最后,作者把社会层面需要做出的改变与个人的可为之事放在同一个视野中讨论,因此指出了改革社会的一条有可行性的道路。在梁氏之后,鲁迅和柏杨也对中国的国民性做过批判。几个人的视角各异:鲁迅冷、辣、有一股“毒气”(鲁迅自况);柏杨幽默、无奈;梁启超热忱恳切、身体力行、从不气馁。其中梁启超的论述具学者特色,不仅分析系统、全面,也提出了许多在个人层面有操作性的努力方向,尤其值得后人整理、思考、指导自己的行动。

本文把书中的十六个话题分为侧重于公共领域的八个话题和侧重于个人领域的八个话题来加以介绍。其中的不少话题基本上当时刚从西方引进、在当时的中文语境中仍然是全新的概念,所以作者对它们的理解与它们在当代语境的通行理解有细微的差异。我对此的办法是:对于每一个话题,首先引用原书中一些具有表现力的段落,对其中的生僻词汇给以简单的注解,希望读者从其上下文中了解到作者对它们的定义。对于多数话题,我引用一些原文来说明作者心目中的理想状态,以及中国在这些问题上的历史和现状。在每一节中,我用自己的理解尽可能不偏离原意地对每个概念加以补充说明、试图给出作者铺陈的诸多现象之间的一些逻辑连接。

接下来,我分析这些概念之间的关系、其中的一些问题,以及对当代人的意义。

对于对梁氏学说有更多兴趣的读者,《新民说》在网上有免费版本。其文虽用文言写就,理解起来并不特别费力。

1. 公共领域话题
在这一节中,我介绍《新民说》中侧重于公共领域的八个话题。

(1)《论公德》
【定义】“公德者何?人群之所以为群,国家之所以为国,赖此德焉以成立者也。人也者,善群之动物也(此西儒亚里士多德之言)。人而不群,禽兽奚择?而非徒空言高论曰:‘群之!群之!’而遂能有功者也。必有一物焉,贯注而联络之,然后群之实乃举,若此者谓之公德。”

从这段话来看,作者所谓的公德即一个群体健康生存和发展壮大所要求的个人的素质,或个人对群体所负的义务。这一节当是作者最早写就的一节,其时作者对“新民”概念的思考可能尚处于形成的阶段,所以并未就公德包括哪些具体内容加以清晰的说明。在当代语境中,公德经常指不随地吐痰、不乱扔垃圾等习惯;这些固然也是公德的一些具体表现,但从下面的两个段落看来,作者心目中的公德的内容显然比这些要深广得多。

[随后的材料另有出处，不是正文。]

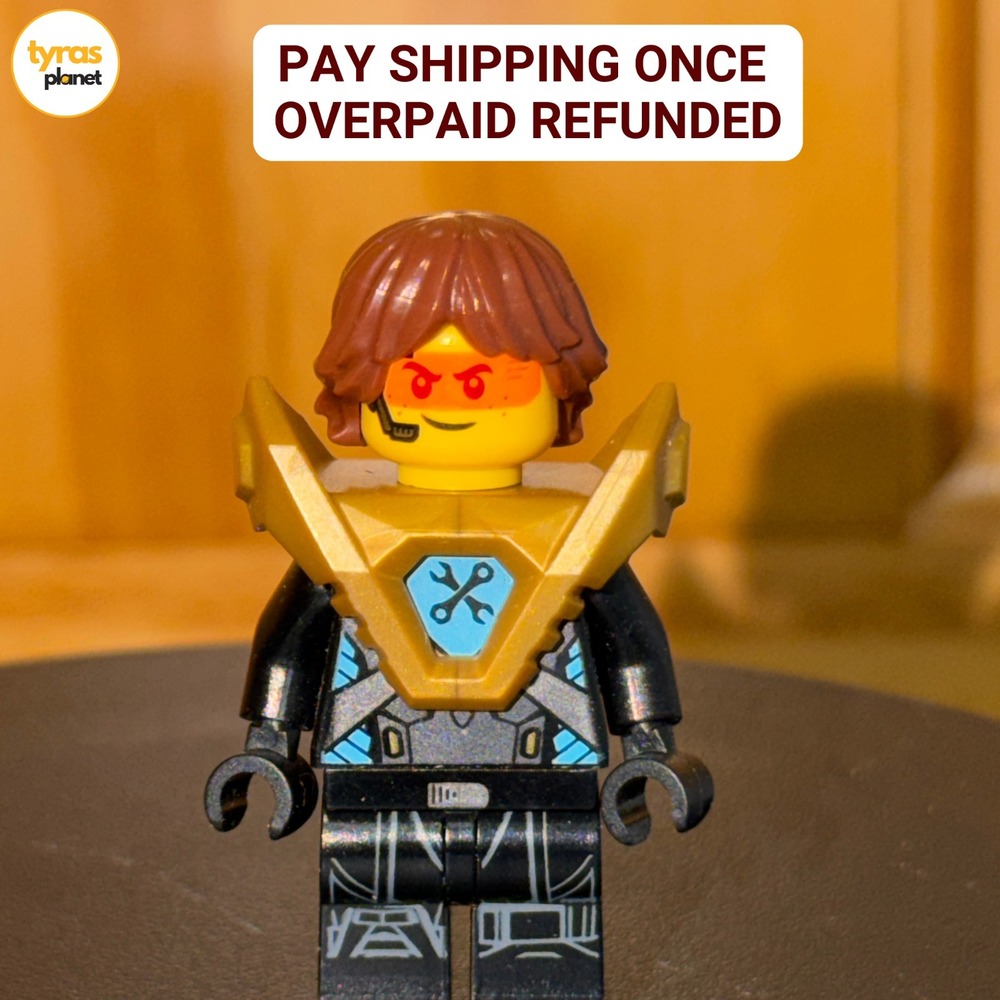 LEGO 271824 Nexo Knights Robin Underwood Minifigure Pearl Gold‎ Armor nex139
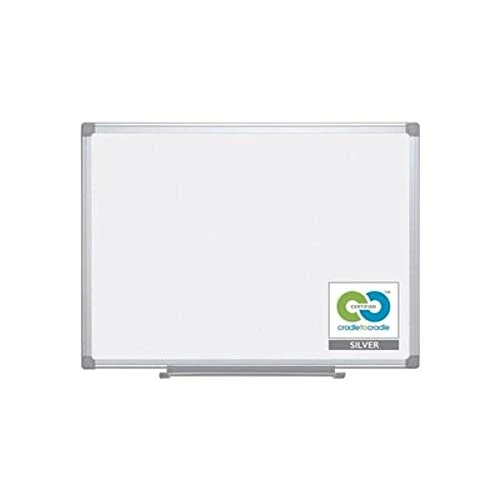 Bi-Office Earth Maya Magnetic Whiteboard, Lacquered Steel Surface, Aluminium Frame, 180 x 120 cm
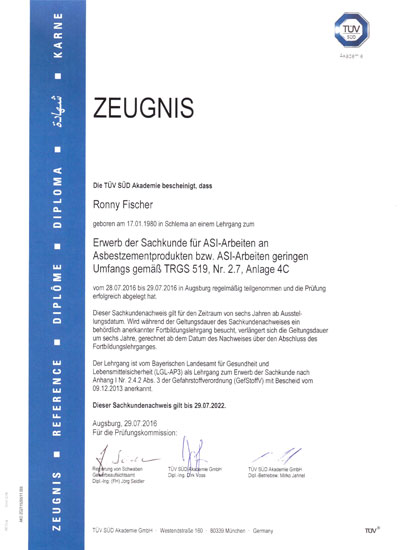 Zeugnis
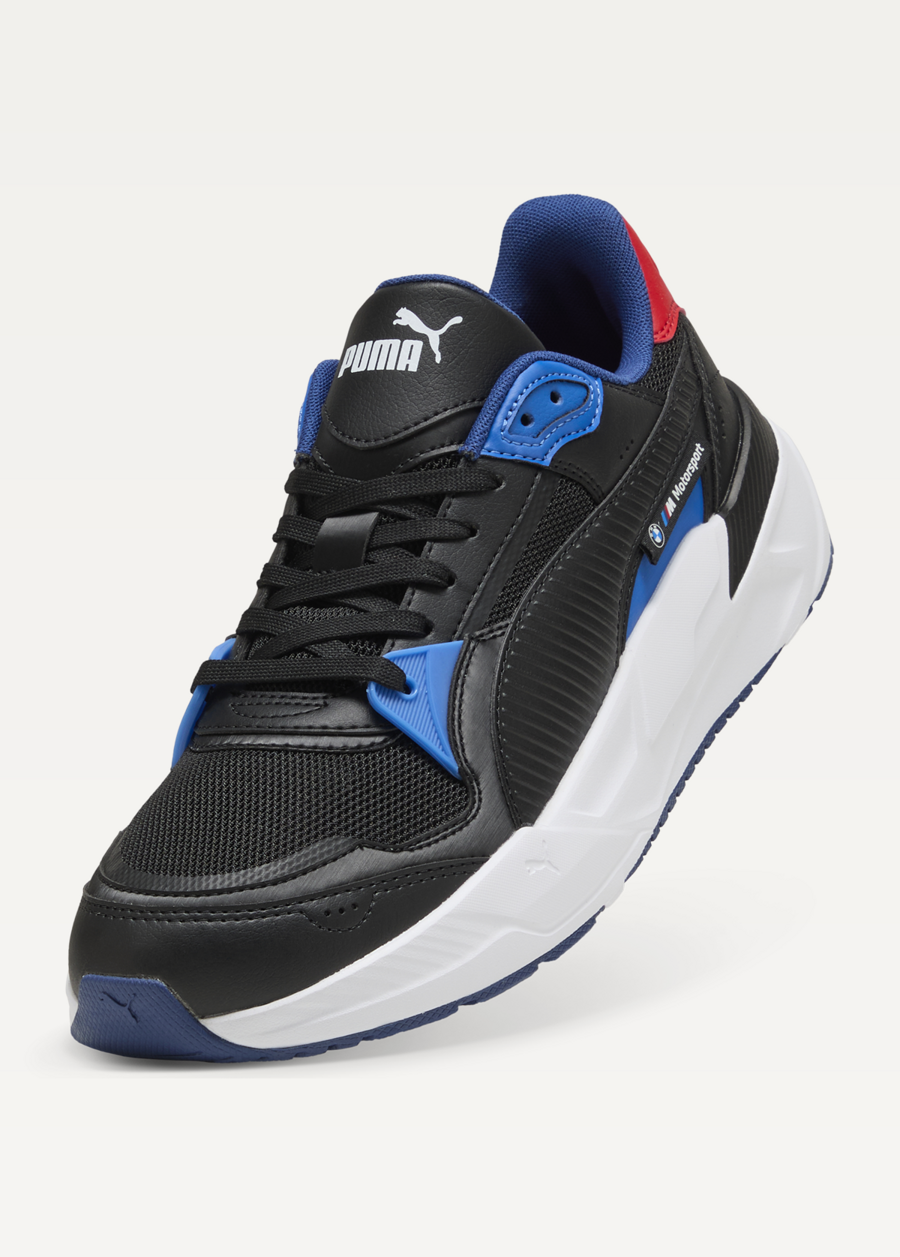 Кросівки чоловічі BMW MMS Trinity 2 PUMA Black-Pro Blue-Pop Red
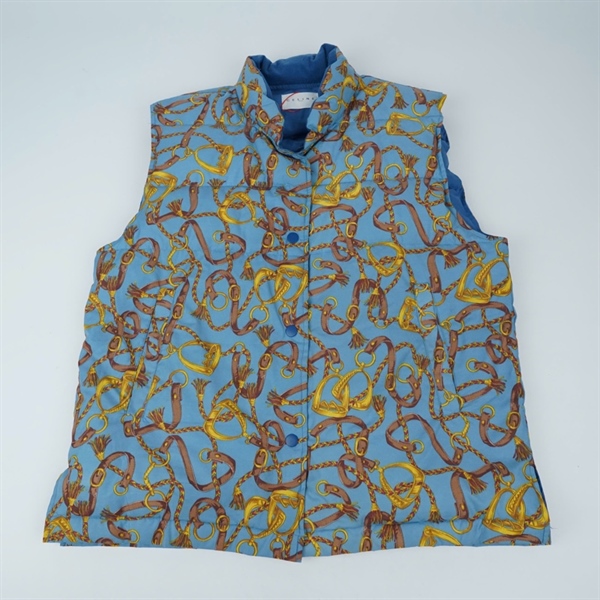 Áo khoác Celine xanh họa tiết ko tay (PN) KG+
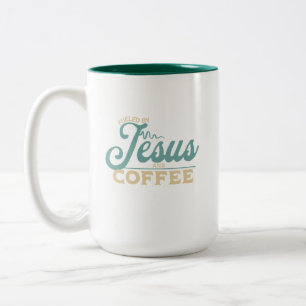 Von Jesus und Coffee Christliche Gestaltung gespei Zweifarbige Tasse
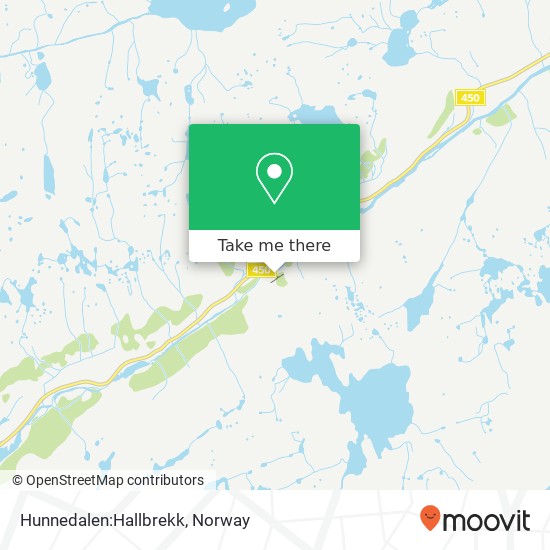 Hunnedalen:Hallbrekk map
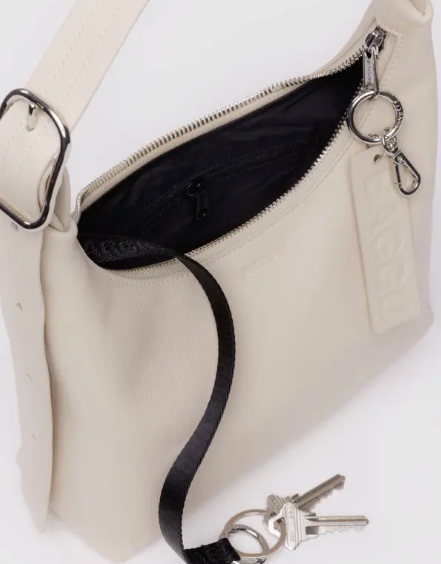 Mini Recycled Leather Shoulder Bag
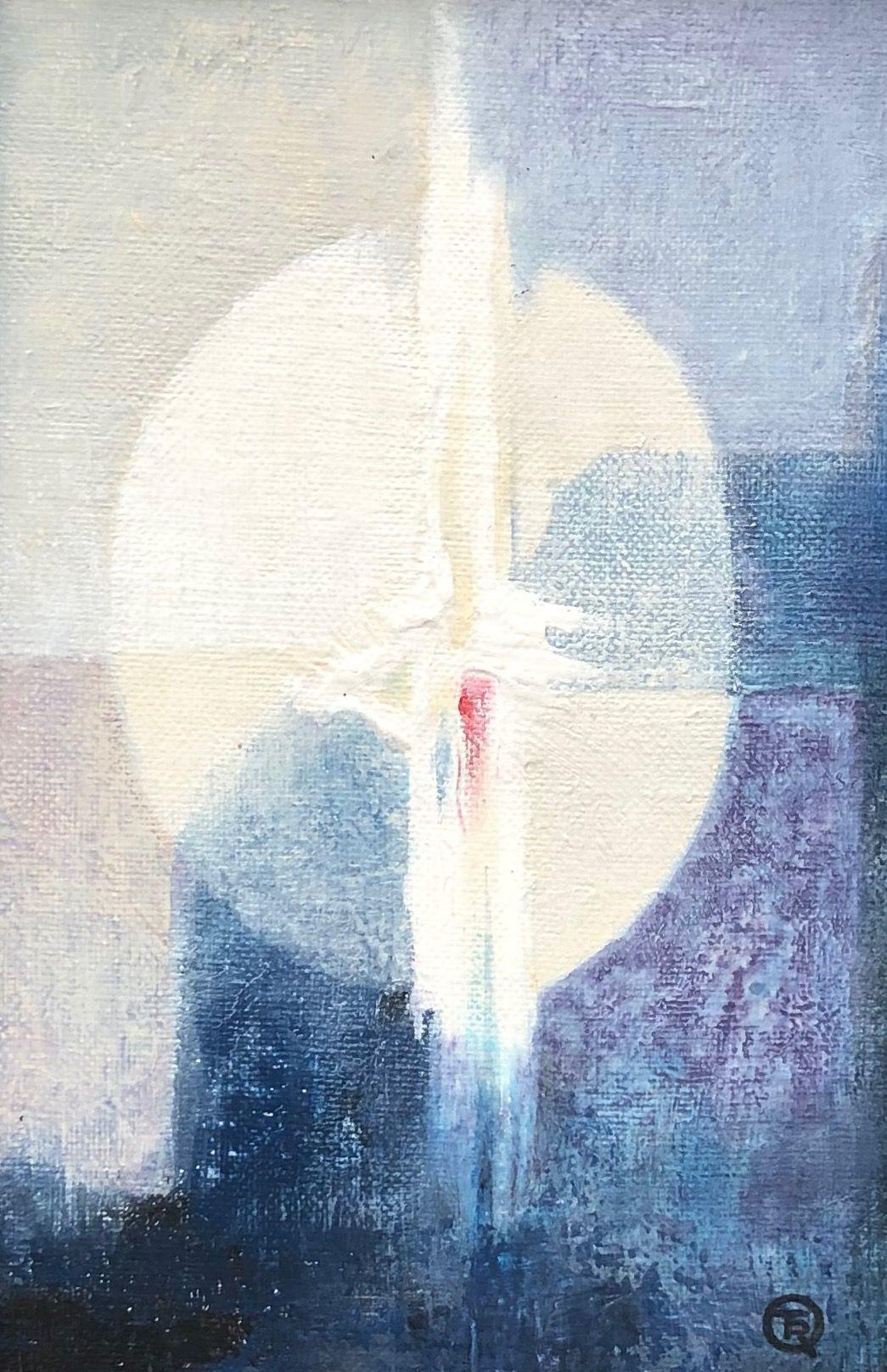 Composition, acrylique sur toile de Robert Thisens, 20 x 30 cm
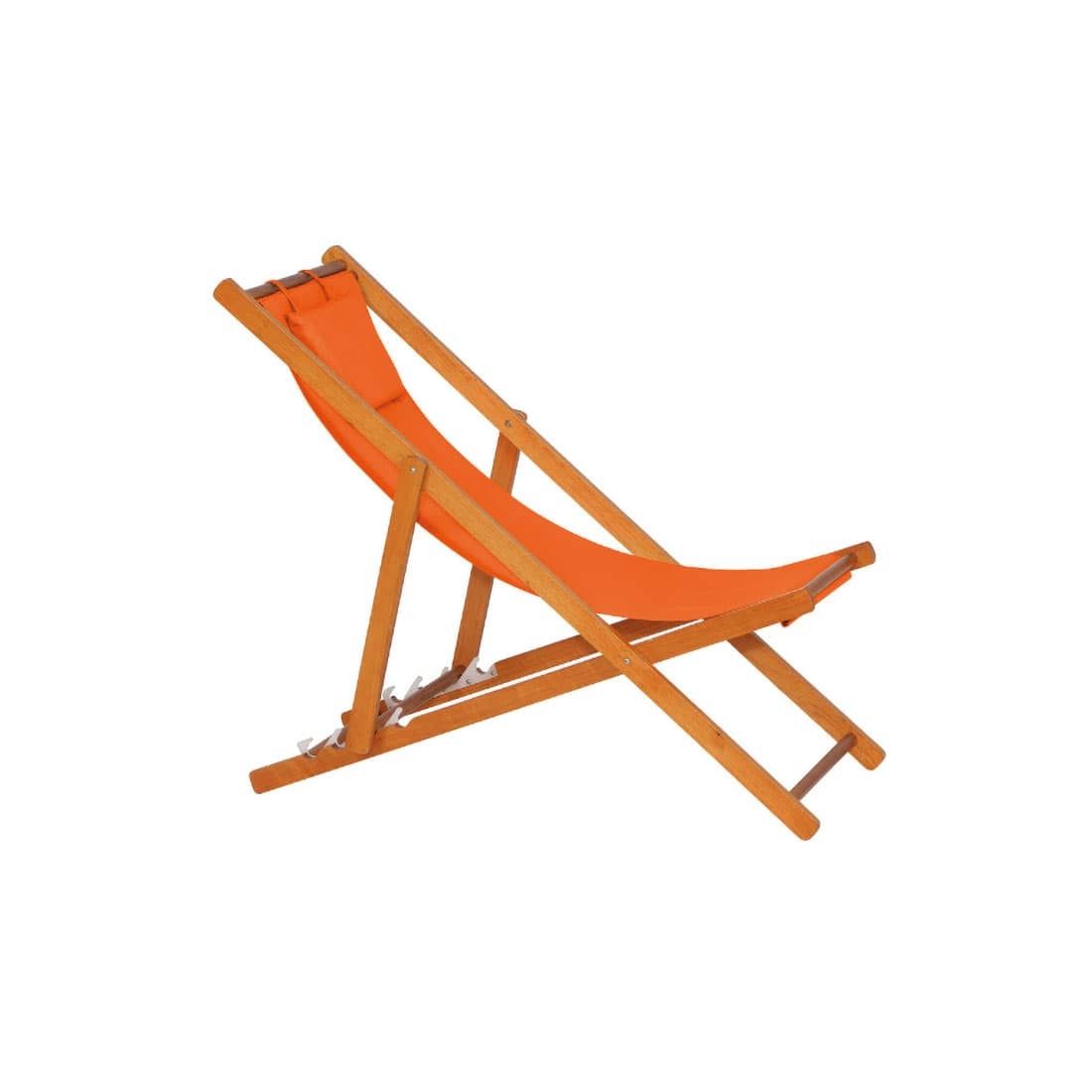 Siena Garden Faro Beach-Liegestuhl Holz/Textilene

【中国历史和现状】“要之吾中国数千年来,束身寡过主义(明哲保身、以不犯错不惹事为最高原则),实为德育之中心点。范围既日缩日小,其间有言论行事,出此范围外,欲为本群本国之公利公益有所尽力者,彼曲士贱儒,动辄援‘不在其位不谋其政’等偏义,以非笑(非议、嘲笑)之,挤排之。谬种流传,习非胜是,而国民益不复知公德为何物。今夫人之生息于一群也,安享其本群之权利,即有当尽于其本群之义务。苟不尔者,则直为群之蠹(寄生虫)而已。彼持束身寡过主义者,以为吾虽无益于群,亦无害于群。庸讵知无益之即为害乎?何则?群有以益我,而我无以益群,是我逋(逃避)群之负(责任)而不偿也。”
人生于社会中,他需要的食物、衣物、住房大都是他人所生产;他的居住环境的安全是由他人来维持;他几乎所有的知识都得自他人;他需要他人来与自己交流,也需要通过控制他人来实现自己的权力欲。所以,“群有以益我”是不争的事实。那么,如果个人不对社会负起一定的责任,这个社会能给其成员提供的资源就会日渐枯竭。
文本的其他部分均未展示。